As soon as the line containing "Pompidou Posse by Sarah Lotz" appears in the material below, start returning lines exactly, and end with the line containing "bokomslag Learn with".

# Given data
┄┄┄┄┄┄┄┄┄┄┄┄┄┄┄┄┄┄┄┄

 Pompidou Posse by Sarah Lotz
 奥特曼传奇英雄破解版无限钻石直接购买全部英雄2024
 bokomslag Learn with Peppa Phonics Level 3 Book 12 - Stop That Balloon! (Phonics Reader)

┄┄┄┄┄┄┄┄┄┄┄┄┄┄┄┄┄┄┄┄

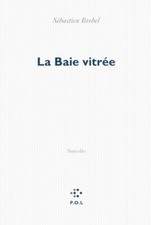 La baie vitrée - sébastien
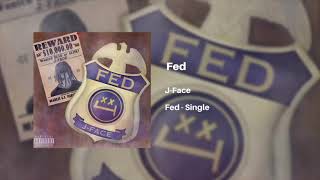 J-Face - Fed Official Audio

┄┄┄┄┄┄┄┄┄┄┄┄┄┄┄┄┄┄┄┄

# Answer below
 Pompidou Posse by Sarah Lotz
 奥特曼传奇英雄破解版无限钻石直接购买全部英雄2024
 bokomslag Learn with Peppa Phonics Level 3 Book 12 - Stop That Balloon! (Phonics Reader)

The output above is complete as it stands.